Think about the centroid that way:
If you have this curve $y(x)$ (first graphic), where its "mass" is its area $A$.
The centroid $(x_s,y_s)$ is the place where you would have to put a point mass of equal mass to produce the same static moment about any arbitrary point, thus you could balance this thin plate on your finger if you put your finger right at the centroid.

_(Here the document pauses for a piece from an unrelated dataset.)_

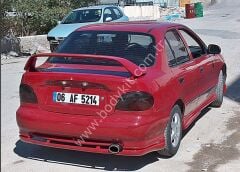 Hyundai Accent Uyumlu Yumurta Kasa Arka Tampon Eki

Now to derive the first moment of area: We know that the moment of a point mass wrt. to a point equals the mass multiplied by the distance to said point. In the second graphic you have a bar chopped out of the first one. The moment of the hatched area wrt to $x_0=0$ equals: $$ S_{y'}= m'y = (y'+\Delta y - y)\Delta x \cdot y'= y'\Delta y \Delta x $$ $$ \Delta y \Delta x =\Delta A \qquad \mbox{(that's the hatched area)} $$ So the total First Moment of Area of the bar equals $$ S_{y,bar}= y\cdot dA $$ If you integrate that for the whole $y(x)$ you get the entire FMoA: $$ S_y=\int y\cdot dA $$ Now the moment generated must equal to that of a point mass at the centroidal coordinate $y_s$, which equals: $$ S_{y,centroid}=m\cdot y_s $$ As stated before the mass is equal to the entire area $m=A=\int dA$ Thus: $$ S_y=\int y\cdot dA = \int dA \cdot y_s$$ $$ \to y_s=\frac{\int y dA}{\int dA} $$
$x dA$ is the differential moment around the y-axis. Xbar is the x coordinate where the integrated differential moments cancel each other out. Obviously the same is true for $y dA$
Think of the area as a very thin plate with uniform weight per area. The centroid is the point where you could hold it on your finger tip without falling down.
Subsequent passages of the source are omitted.